▶ _Source information_:
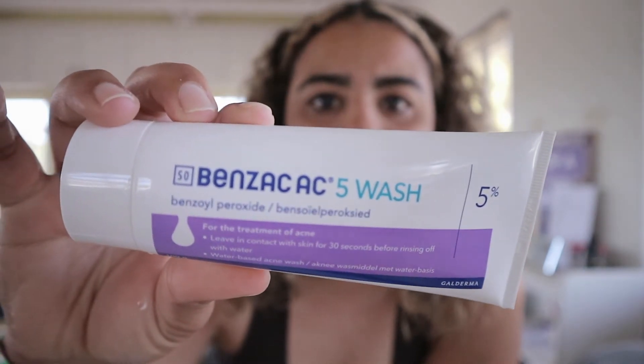What I'm using is Benzac — just the Benzac face wash, the 5% one. I used all the Benzac products including the moisturizer, but I found that the Benzac moisturizer dried out my face a lot. It helped in the beginning as a daily treatment, but after a while I realized I needed a lot more moisture.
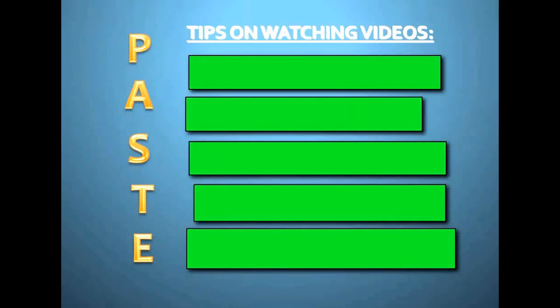And so I came up with an acronym called P.A.C.E.T.E. Each one of these letters means something that's going to help you get the most learning out of these videos as possible.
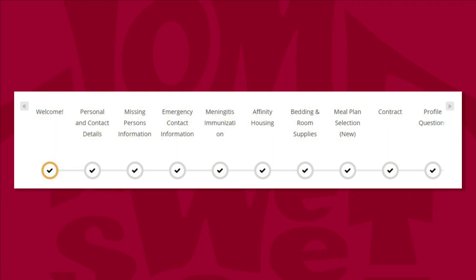Affinity Housing is a separate application for students to request to live in specified themed communities with other students interested in that learning area. Availability changes each year, so please follow the instructions on this page to review information and apply if you're interested. Bedding and room supplies links you to our partner store, OCM, where you can browse and purchase items for your new college room. This is entirely optional, but check out their great offerings — a portion of all purchases comes back to the Residence Hall Association program funding.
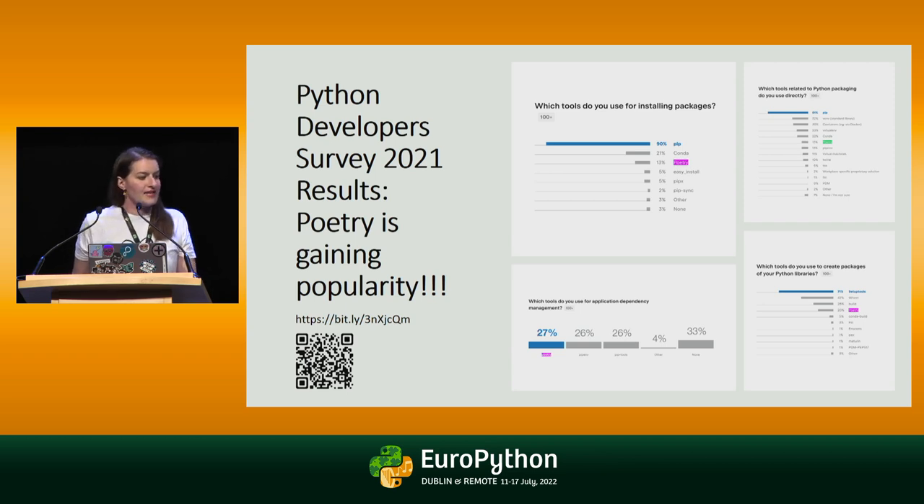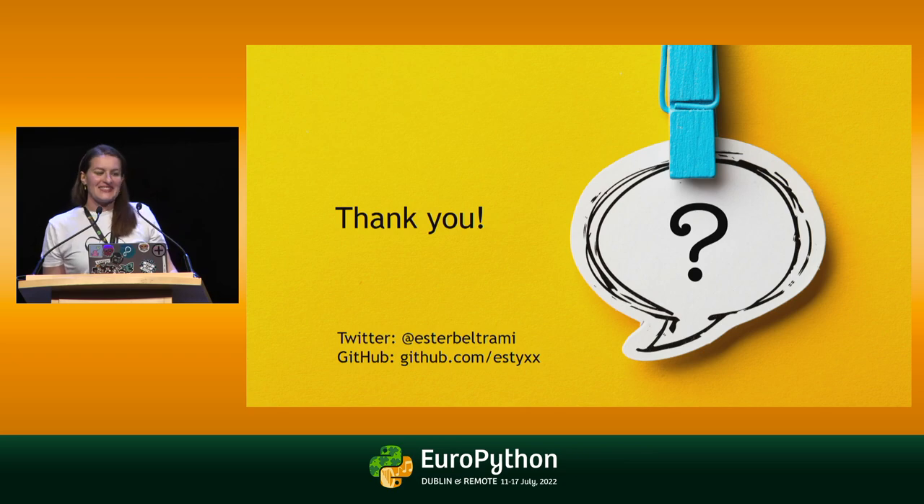The very last thing I want to mention is that JetBrains has done a survey recently with many questions regarding development. I was very surprised to see how much people are already using Poetry — for dependency management, for packaging, for virtual environments. I think it depends on your need and what you're looking for. Thank you so much for your attention.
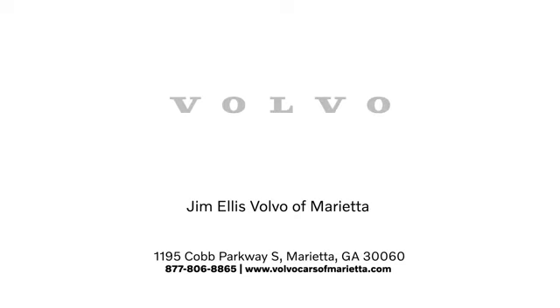Stop in or contact us today. We're conveniently located at 1195 Cobb Parkway South in Marietta.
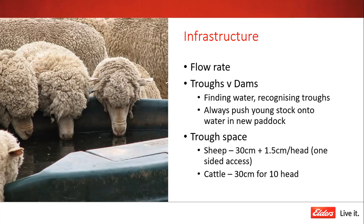In a paddock situation, flow rate also becomes quite important with big mobs. On a hot day the mob comes to water in the morning — the first few sheep drink fine — but if the flow rate isn't up to it, the trough could be empty by the time the tail end of the mob arrives. Those sheep may then go the whole day without a drink, which means they'll probably eat less as well.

▶ _Goal of the exercise_: From the line containing "Affinity Housing is" down to the last line of the entries above, copy each line exactly and nothing more. Leave pictures out.

▶ _Expected answer_:
Affinity Housing is a separate application for students to request to live in specified themed communities with other students interested in that learning area. Availability changes each year, so please follow the instructions on this page to review information and apply if you're interested. Bedding and room supplies links you to our partner store, OCM, where you can browse and purchase items for your new college room. This is entirely optional, but check out their great offerings — a portion of all purchases comes back to the Residence Hall Association program funding.
The very last thing I want to mention is that JetBrains has done a survey recently with many questions regarding development. I was very surprised to see how much people are already using Poetry — for dependency management, for packaging, for virtual environments. I think it depends on your need and what you're looking for. Thank you so much for your attention.
Stop in or contact us today. We're conveniently located at 1195 Cobb Parkway South in Marietta.
In a paddock situation, flow rate also becomes quite important with big mobs. On a hot day the mob comes to water in the morning — the first few sheep drink fine — but if the flow rate isn't up to it, the trough could be empty by the time the tail end of the mob arrives. Those sheep may then go the whole day without a drink, which means they'll probably eat less as well.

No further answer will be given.